**ASSIGNED TASK**
Would you return exactly the lines from the top of the data below through the one containing "Воздухозаборник интеркулера w203 Mercedes", leaving out the pictures?

== Segment start ==

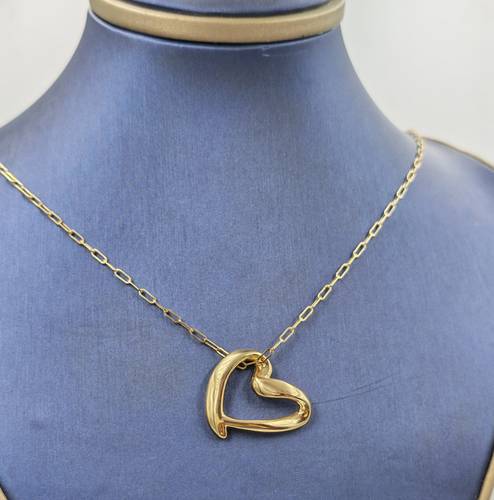 Heart Necklace 18k gold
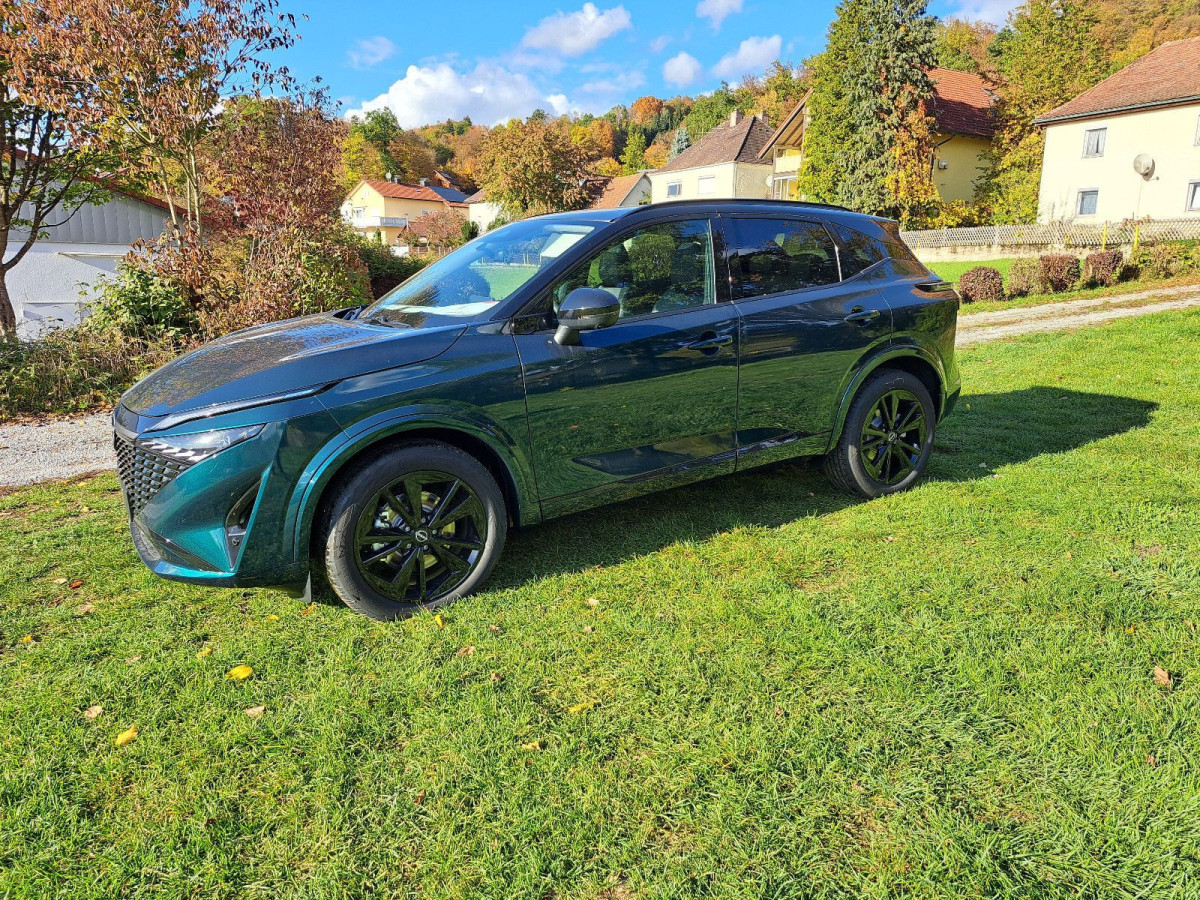 Ansicht 1 - Neuwagen Fahrzeug, Modell Qashqai der Marke Nissan von Verkäufer Autohaus Roland Stern - Zweigniederlassung der Autohaus MKM Huber GmbH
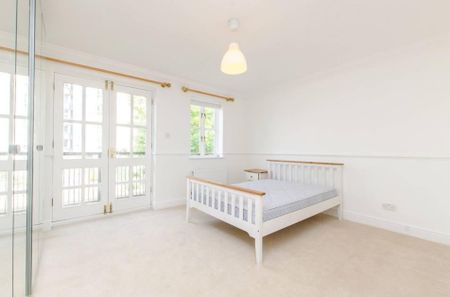 4 Bed Semi-Detached House, Nightingale Mews, E3 - Photo 3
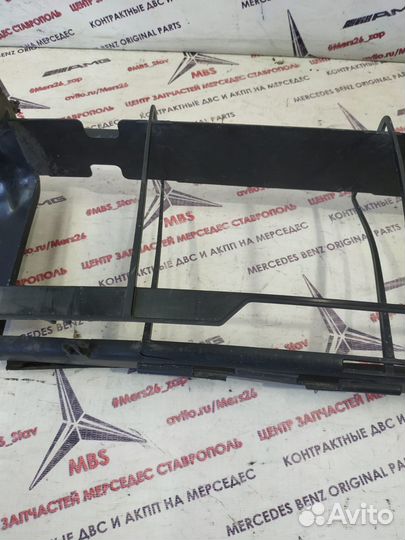 Воздухозаборник интеркулера w203 Mercedes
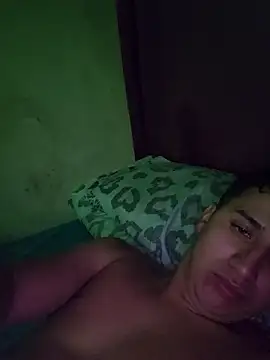 Snapshot of Alvarezz0202 chatting on April 7, 2026, 8:21 pm Alvarezz0202 online show from April 7, 2026, 8:21 pm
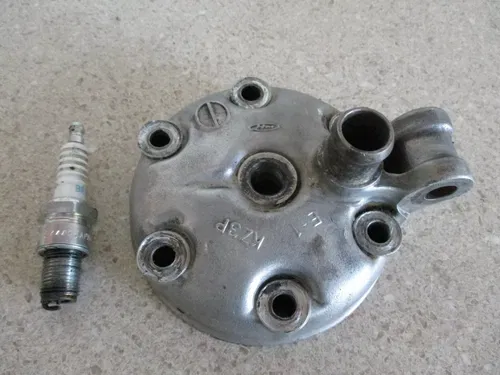 2001 HONDA CR250 CYLINDER HEAD, TOP CAP DOME OEM, 12201-KZ3-J10, MX63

== Segment end ==

**RESULT BELOW**
 Heart Necklace 18k gold
 Ansicht 1 - Neuwagen Fahrzeug, Modell Qashqai der Marke Nissan von Verkäufer Autohaus Roland Stern - Zweigniederlassung der Autohaus MKM Huber GmbH
 4 Bed Semi-Detached House, Nightingale Mews, E3 - Photo 3
 Воздухозаборник интеркулера w203 Mercedes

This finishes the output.